Existem também, em alguns casos, valores e sentimentos que impelem ao dogmatismo. E, como se vê no documentário, a necessidade de recusar a religião a qualquer custo e de ter um dogma estabelecido para sustentar isso, gerado por insegurança diante do discurso religioso, é uma motivação para o apego dogmático de muitos ao darwinismo. O cientificismo é outro motivo para tal dogmatismo. O caráter antirreligioso de alguns darwinistas, a começar por Thomas Huxley, reforça isso, pois é uma luta de um dogmatismo contra outro. Alguns pseudomarxistas, que acham que para serem revolucionários precisam ser antirreligiosos ativistas ou então dominados por um cientificismo estreito e dogmático, acabam se agarrando ao darwinismo como tábua de salvação. Aliás, isso é tão cômico como alguns ateístas que ficam pregando o ateísmo, se assemelhando assim ao seu oposto. Os pseudomarxistas que festejaram a publicação do livro Deus, Um Delírio, de Richard Dawkins, mostraram que há algo errado. Não é por seu autor ser um representante da famigerada sociobiologia, embora isso devesse provocar pelo menos reserva por causa de seu biologismo e determinismo, mas por causa de seus argumentos e fundamentação. A sua base argumentativa é reducionista e biologista, tal como já apresentada em sua outra obra, O Gene Egoísta. E a forma como a crítica é realizada é extremamente problemática. Como alguns já perceberam, e está no documentário, Darwin e o darwinismo já foram refutados sob variadas formas e, como diz P-P. Grassé sobre o neodarwinismo, continuar defendendo esta concepção é uma questão de fé. Logo, os darwinistas, em grande parte, com seu dogmatismo, se assemelham ao que eles atribuem aos religiosos. Porém, não é possível atribuir isso a todos que se consideram darwinistas esse caráter dogmático semirreligioso, mas apenas ao que podemos chamar “darwinismo vulgar” e alguns que não estão nessa condição. O dogmatismo, no entanto, é bem mais amplo. O darwinismo não é uma religião, mas a defesa do darwinismo pelos darwinistas vulgares e outros se assemelha a fé religiosa.

 



[1] Sobre mentalidade sugiro a leitura do livro Universo Psíquico e Reprodução do Capital (São Paulo: Escuta, 2008) e sobre paradigmas hegemônicos o livro Hegemonia Burguesa e Renovações Hegemônicas (Curitiba: CRV, 2019), ambos de minha autoria, nas quais aprofundo tais questões.

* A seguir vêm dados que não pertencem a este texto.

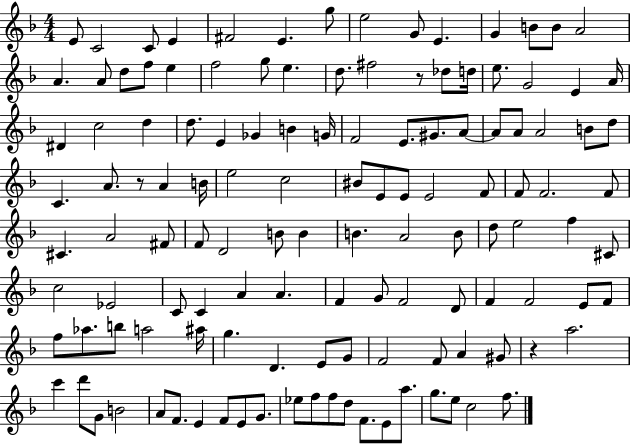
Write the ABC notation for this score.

X:1
T:Untitled
M:4/4
L:1/4
K:F
E/2 C2 C/2 E ^F2 E g/2 e2 G/2 E G B/2 B/2 A2 A A/2 d/2 f/2 e f2 g/2 e d/2 ^f2 z/2 _d/2 d/4 e/2 G2 E A/4 ^D c2 d d/2 E _G B G/4 F2 E/2 ^G/2 A/2 A/2 A/2 A2 B/2 d/2 C A/2 z/2 A B/4 e2 c2 ^B/2 E/2 E/2 E2 F/2 F/2 F2 F/2 ^C A2 ^F/2 F/2 D2 B/2 B B A2 B/2 d/2 e2 f ^C/2 c2 _E2 C/2 C A A F G/2 F2 D/2 F F2 E/2 F/2 f/2 _a/2 b/2 a2 ^a/4 g D E/2 G/2 F2 F/2 A ^G/2 z a2 c' d'/2 G/2 B2 A/2 F/2 E F/2 E/2 G/2 _e/2 f/2 f/2 d/2 F/2 E/2 a/2 g/2 e/2 c2 f/2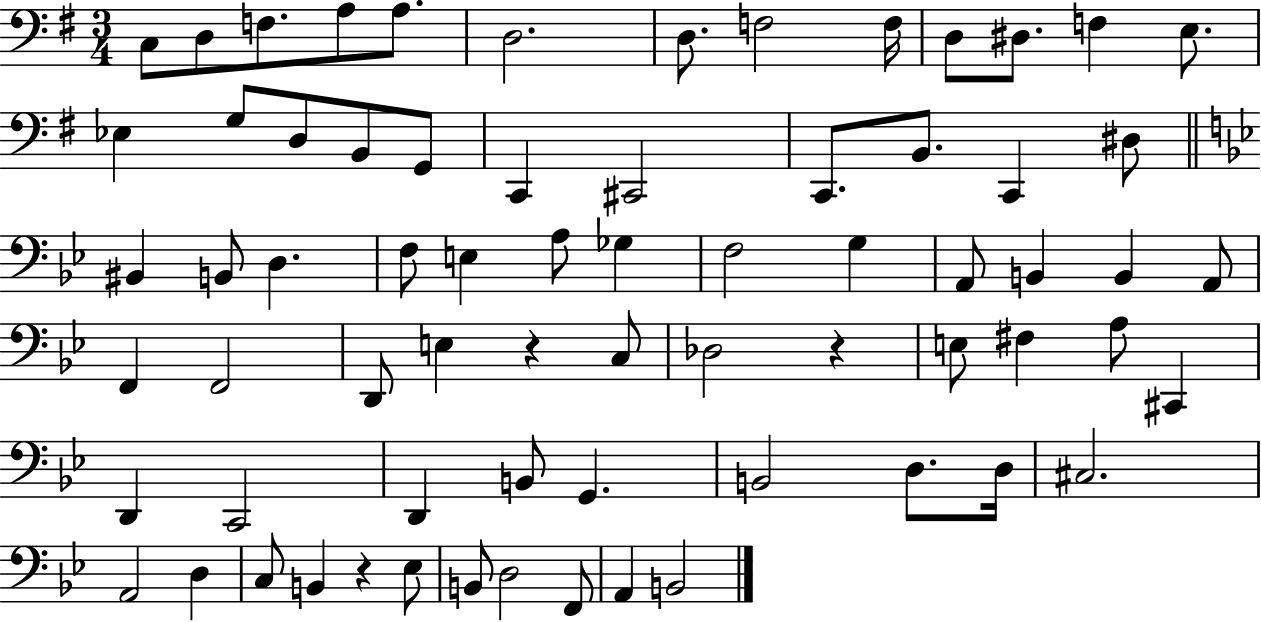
{
  \clef bass
  \numericTimeSignature
  \time 3/4
  \key g \major
  c8 d8 f8. a8 a8. | d2. | d8. f2 f16 | d8 dis8. f4 e8. | \break ees4 g8 d8 b,8 g,8 | c,4 cis,2 | c,8. b,8. c,4 dis8 | \bar "||" \break \key bes \major bis,4 b,8 d4. | f8 e4 a8 ges4 | f2 g4 | a,8 b,4 b,4 a,8 | \break f,4 f,2 | d,8 e4 r4 c8 | des2 r4 | e8 fis4 a8 cis,4 | \break d,4 c,2 | d,4 b,8 g,4. | b,2 d8. d16 | cis2. | \break a,2 d4 | c8 b,4 r4 ees8 | b,8 d2 f,8 | a,4 b,2 | \break \bar "|."
}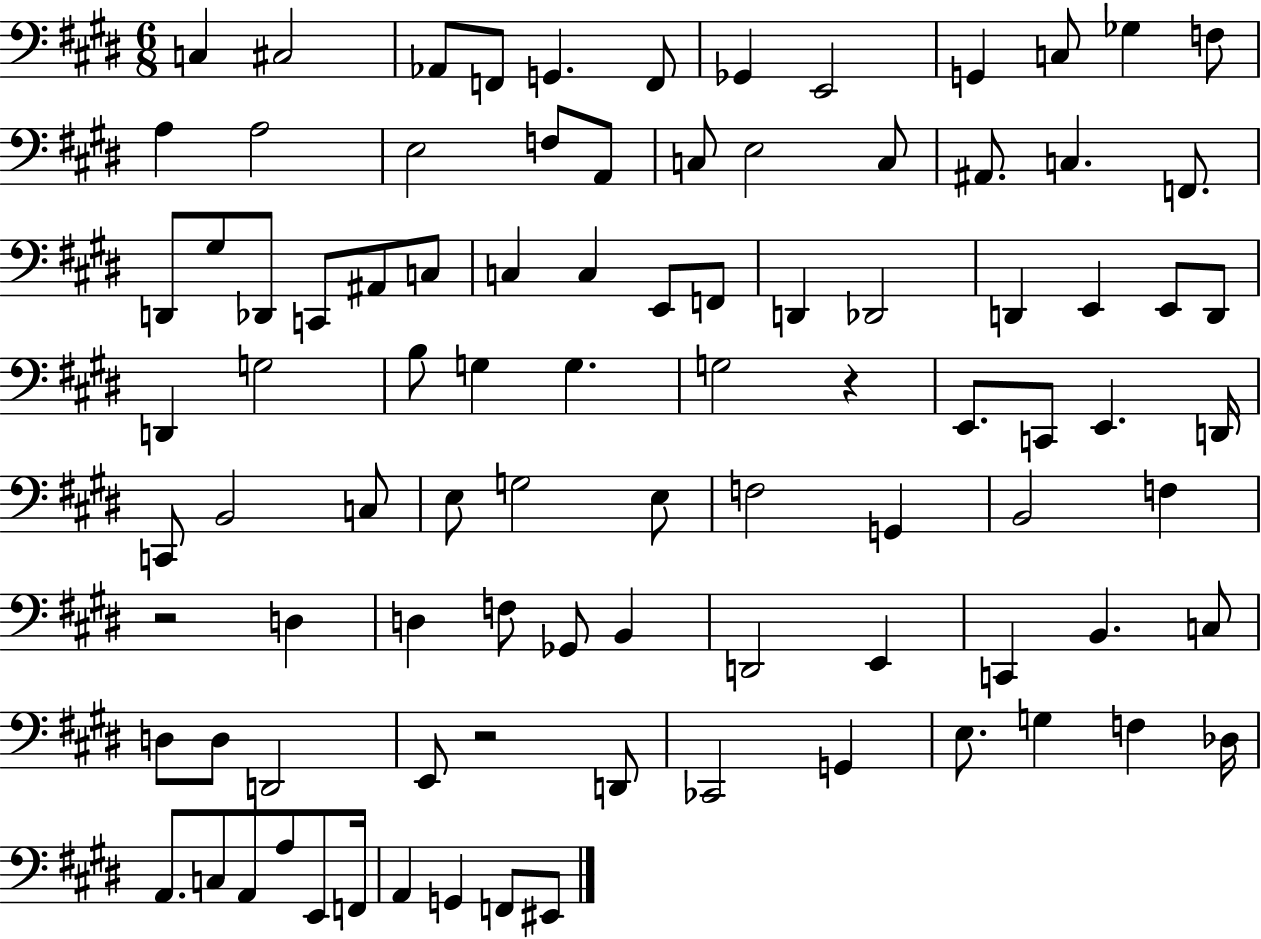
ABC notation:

X:1
T:Untitled
M:6/8
L:1/4
K:E
C, ^C,2 _A,,/2 F,,/2 G,, F,,/2 _G,, E,,2 G,, C,/2 _G, F,/2 A, A,2 E,2 F,/2 A,,/2 C,/2 E,2 C,/2 ^A,,/2 C, F,,/2 D,,/2 ^G,/2 _D,,/2 C,,/2 ^A,,/2 C,/2 C, C, E,,/2 F,,/2 D,, _D,,2 D,, E,, E,,/2 D,,/2 D,, G,2 B,/2 G, G, G,2 z E,,/2 C,,/2 E,, D,,/4 C,,/2 B,,2 C,/2 E,/2 G,2 E,/2 F,2 G,, B,,2 F, z2 D, D, F,/2 _G,,/2 B,, D,,2 E,, C,, B,, C,/2 D,/2 D,/2 D,,2 E,,/2 z2 D,,/2 _C,,2 G,, E,/2 G, F, _D,/4 A,,/2 C,/2 A,,/2 A,/2 E,,/2 F,,/4 A,, G,, F,,/2 ^E,,/2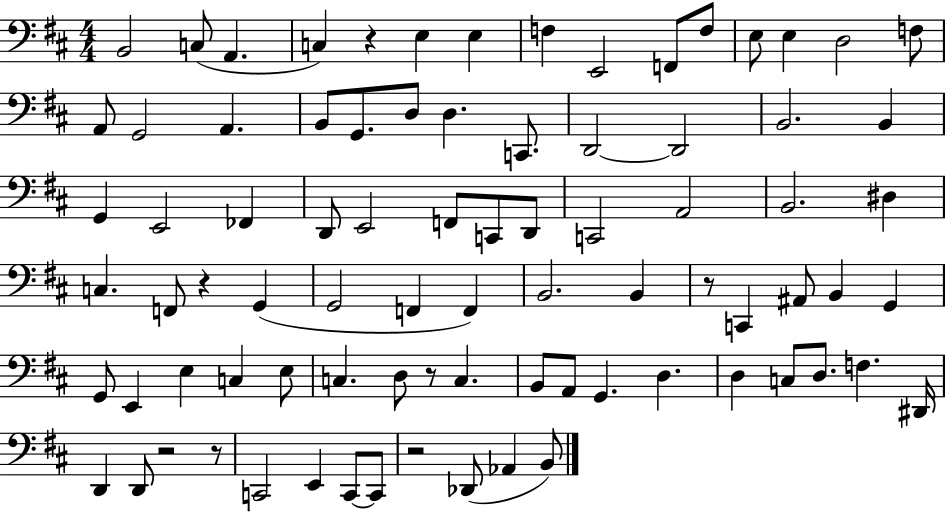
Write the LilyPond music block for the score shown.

{
  \clef bass
  \numericTimeSignature
  \time 4/4
  \key d \major
  b,2 c8( a,4. | c4) r4 e4 e4 | f4 e,2 f,8 f8 | e8 e4 d2 f8 | \break a,8 g,2 a,4. | b,8 g,8. d8 d4. c,8. | d,2~~ d,2 | b,2. b,4 | \break g,4 e,2 fes,4 | d,8 e,2 f,8 c,8 d,8 | c,2 a,2 | b,2. dis4 | \break c4. f,8 r4 g,4( | g,2 f,4 f,4) | b,2. b,4 | r8 c,4 ais,8 b,4 g,4 | \break g,8 e,4 e4 c4 e8 | c4. d8 r8 c4. | b,8 a,8 g,4. d4. | d4 c8 d8. f4. dis,16 | \break d,4 d,8 r2 r8 | c,2 e,4 c,8~~ c,8 | r2 des,8( aes,4 b,8) | \bar "|."
}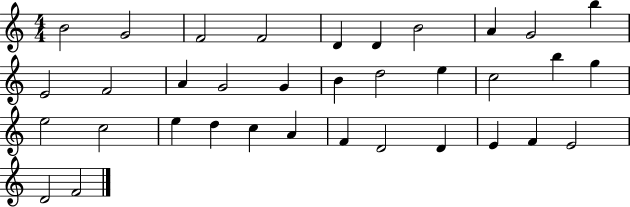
X:1
T:Untitled
M:4/4
L:1/4
K:C
B2 G2 F2 F2 D D B2 A G2 b E2 F2 A G2 G B d2 e c2 b g e2 c2 e d c A F D2 D E F E2 D2 F2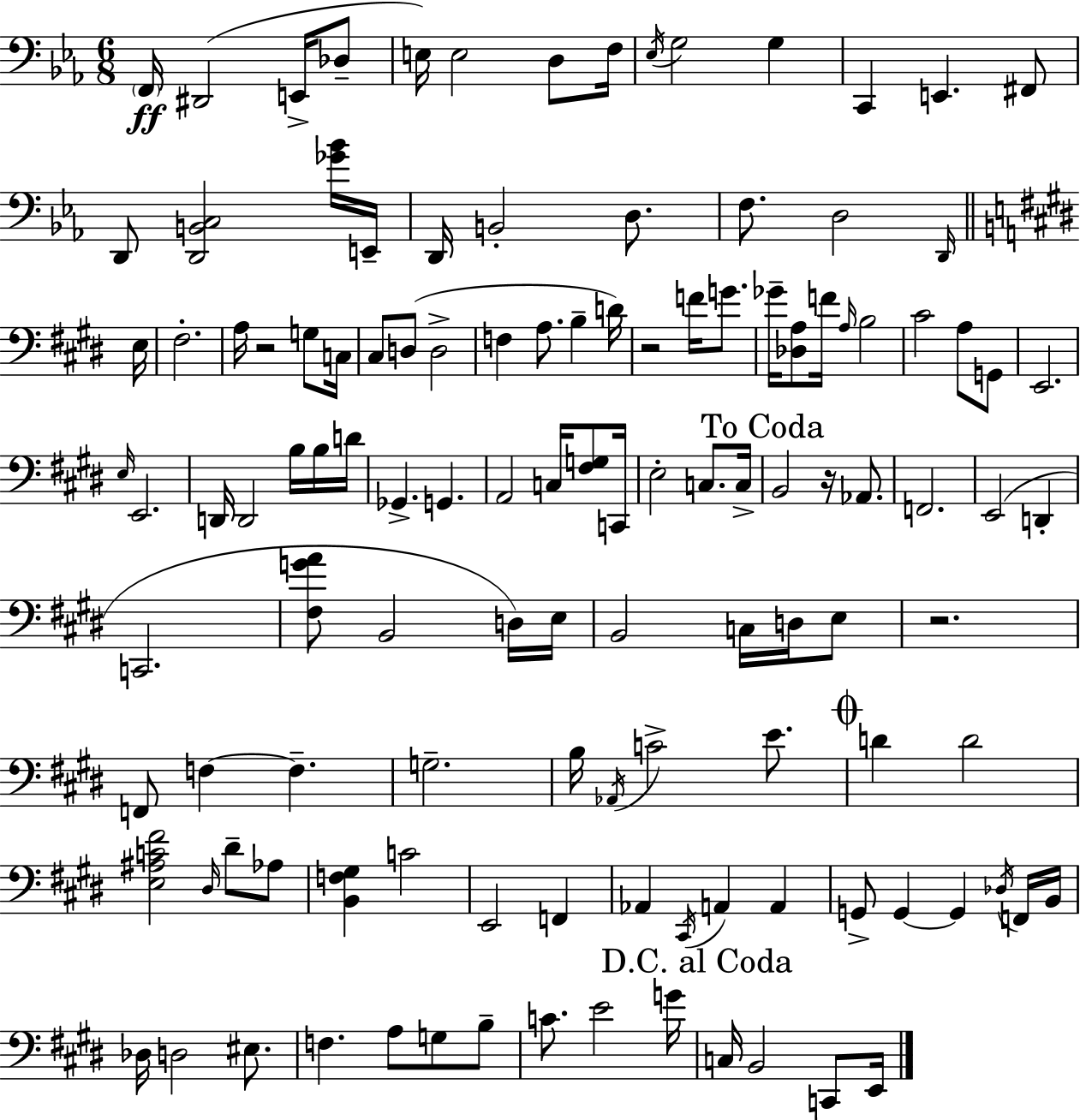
F2/s D#2/h E2/s Db3/e E3/s E3/h D3/e F3/s Eb3/s G3/h G3/q C2/q E2/q. F#2/e D2/e [D2,B2,C3]/h [Gb4,Bb4]/s E2/s D2/s B2/h D3/e. F3/e. D3/h D2/s E3/s F#3/h. A3/s R/h G3/e C3/s C#3/e D3/e D3/h F3/q A3/e. B3/q D4/s R/h F4/s G4/e. Gb4/s [Db3,A3]/e F4/s A3/s B3/h C#4/h A3/e G2/e E2/h. E3/s E2/h. D2/s D2/h B3/s B3/s D4/s Gb2/q. G2/q. A2/h C3/s [F#3,G3]/e C2/s E3/h C3/e. C3/s B2/h R/s Ab2/e. F2/h. E2/h D2/q C2/h. [F#3,G4,A4]/e B2/h D3/s E3/s B2/h C3/s D3/s E3/e R/h. F2/e F3/q F3/q. G3/h. B3/s Ab2/s C4/h E4/e. D4/q D4/h [E3,A#3,C4,F#4]/h D#3/s D#4/e Ab3/e [B2,F3,G#3]/q C4/h E2/h F2/q Ab2/q C#2/s A2/q A2/q G2/e G2/q G2/q Db3/s F2/s B2/s Db3/s D3/h EIS3/e. F3/q. A3/e G3/e B3/e C4/e. E4/h G4/s C3/s B2/h C2/e E2/s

[2] Da mesma forma que essa afirmação não pode ser tomada como um “modelo” que se aplica a todos os casos independentemente das diferenças reais. Não é preciso ler um livro de autoajuda para saber dos seus limites. Ou seja, a questão é mais complexa e a simplificação é um dos problemas comuns e que dificultam o avanço da consciência. Às vezes algumas pessoas pegam afirmações realizadas num contexto para tratar de determinada questão específica e querem aplicá-la a todo e qualquer caso.

[4] Cf. VIANA, Nildo. Hegemonia Burguesa e Renovações Hegemônicas. Curitiba: CRV, 2019.